The linear regression model is widely used, but it’s not always intuitive or well understood. This post aims to briefly cover the linear model as laid out for Ordinary Least Squares, the assumptions involved, and what those assumptions allow us to do with the results of our regression.

Some sources that I will recommend on this topic (there are many) are:

  1. Either Introduction to Statistical Learning, or Elements of Statistical Learning. They are both good references on linear regression from the perspective of predictive machine learning, although ISL does not get into the weeds of the linear model assumptions.
  2. Hayashi’s Econometrics is a good resource that approaches the topic from an econometrician’s perspective. I would describe this book as one of the most explicit I’ve seen about the assumptions, but the level of depth can require several passes. For those not planning to pursue econometric theory, the depth is likely too much. But the presentation of the way that assumptions fold into the model is nice.
  3. Linear Model and Extensions by Ding (which I have only recently skimmed early sections of) has a nice treatment of the linear model, and builds the assumptions into the linear piece by piece in Chapters 3-5.

The Model

If we have a response (or dependent) variable Y and one or more covariates (or features) X, we can model the relationship between these in the following way:

Y = a + bX+ e

where Y, X, and e are for each sample in our data.

A crucial assumption for the linear regression model is that the linear model correctly describes the data - that the true relationship between Y and X is linear. In many cases, we’ll assume this based solely on looking at the plotted data. While not the most precise method, this will help quickly reject linear regression in cases where the relationship is clearly not linear. While it this is probably the most important assumption, it is often easiest to see violations.

The Primary Assumptions

Once we’ve plotted the data and verified that the linear model is appropraite, we then have to think about other assumptions we’re making when we use linear regression.

There seems to be some confusion about the assumptions of linear regression. I have seen a number of articles that make incorrect claims.

The most wrong claim about the assumptions of linear regression is that the data need to be normally distributed. That is not correct. We don’t need any specific distribution of the data: the features X could be normally distributed (as might be the case with height), it could be log-normal (as might be the case for income), or many more distributions. We might even find that the feature takes on a bimodal distribution clustered strongly around two values. None of these scenarios prevent us from using the linear model. However, if we have strongly clustered data or data that is sparse in some regions of the feature space, we might want to think carefully about the data generating process underlying our data.

So what assumptions do we make when we use the linear model?

Multicollinearity

First, we assume that there is no multicollinearity in our data: that we don’t have features that are a linear combination of other features. A possible cause of a failure here would be that a column of our data is accidentally duplicated.

This assumption is not actually prohibitive from a statistical point of view, but it does make the calculation of the model more difficult for the software. In the case that some features are highly correlated with one another, we won’t have biased estimates of the coefficients, but we will widen the standard errors of our coefficient estimates. Intuitively, if two features are highly correlated, it is more difficult to precisely tease out the individual effect on the response variable.

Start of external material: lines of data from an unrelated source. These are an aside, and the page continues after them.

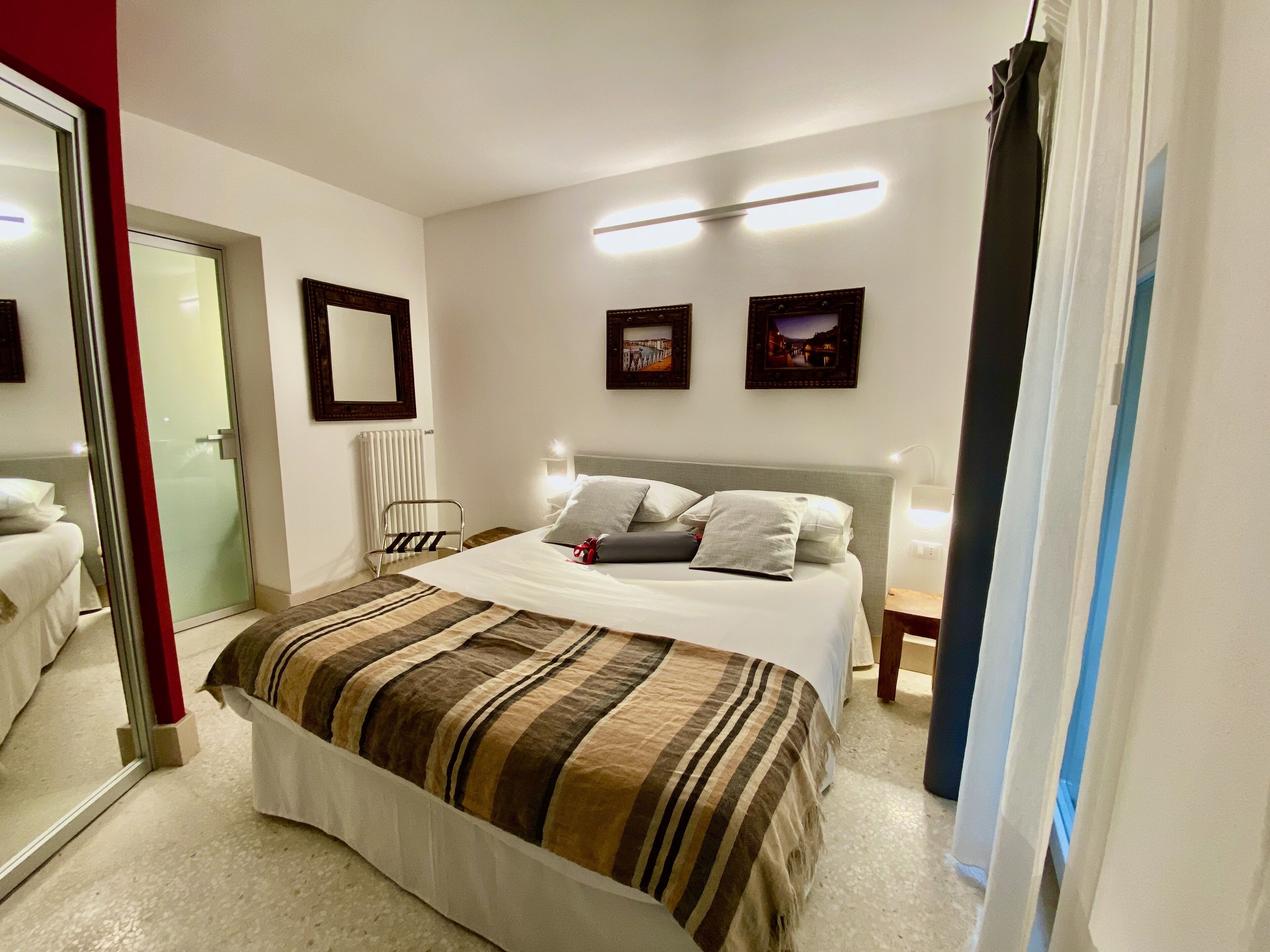 Una habitación de hotel con una cama, una mesita de noche, un espejo y dos cuadros colgados en la pared.
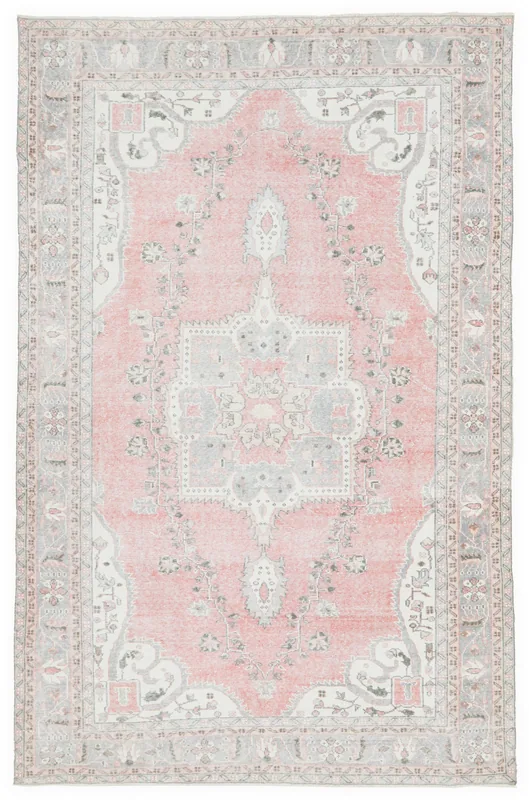 Full top view of the 6'2" x 10'0" vintage rose and gray Anatolian rug with a central medallion.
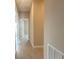 Hallway with stylish wood-style tile flooring and neutral paint at 4501 Sw 110Th Ln, Ocala, FL 34476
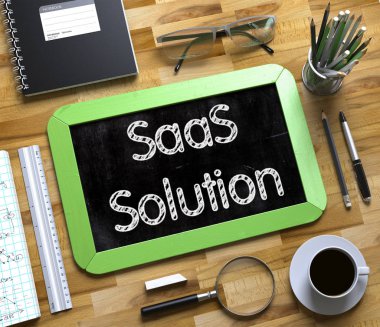 SaaS Solution Concept on Small Chalkboard. 3d. clipart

So while multicollinearity isn’t going to bias our coefficient estimates, it will make them less efficient (in the statistical sense). The topic of

A more technical treatment of the collinearity problem can be found here.

Error Exogeneity

Second, we assume orthogonality of the errors, that E(e) = 0. That’s to say that knowing the value of the X matrix tells us nothing about the error for a specific observation. A scenario in which this assumption would fail would be the existence of an omitted variable that is correlated with our features (Omitted Variable Bias), and has correlation (i.e. some explanatory power) with the response variable. In that case, knowing something about X can give us some information about the error term, because there’s an omitted variable that exists ‘inside’ that error and it’s correlated with X.

If we omit such a variable, we are going to be capturing its effect on Y in the coefficient we estimate for X. That leads our coefficient estimate, b to be biased and we no longer have an unbiased estimator.

There is a nice StackExchange answer here that provides an interesting example of how an omitted variable can bias our coefficient estimates.

A useful discussion of the difference between OVB and Multicollinearity is to be found here.

Homoskedasticity (or Spherical Error Variance)

This assumption more or less boils down to all the errors having a covariance structure that shares a variance for all errors and has no covariance between errors.

There are two components to this assumption, the first of which is that errors conditional on X are similarly distributed across the values of a feature. When we plot our residuals, we don’t want to see that the residuals have a higher variance at some points in the range of X. In that case, we’d be concerned that the error in our model is in fact heteroskedastic.

The second component of the assumption is that there is no serial correlation between errors. That breakdown most often occurs in time series applications, where we are concerned about correlation through time, or in spatial correlation across groups in cross-sectional data.

The failure of this assumption, on the structure of the error variance, is that our coefficient estimates will no longer be efficient, and any hypothesis testing we do on those estimates will be erroneous. The standard errors given by the standard OLS procedure are based on homoskedasticity. In order to correct for the presence of heteroskedasticity, we use robust standard errors (under the framework of Generalised Least Squares or Weighted Least Squares).

Normality of the Errors

This assumption is not necessary for unbiased estimation of the coefficients or the efficiency of our estimates. However, the addition of this assumption has a couple of consequences: one is that the OLS coefficient estimator is then equivalent to the Maximum Likelihood Estimator of the coefficients.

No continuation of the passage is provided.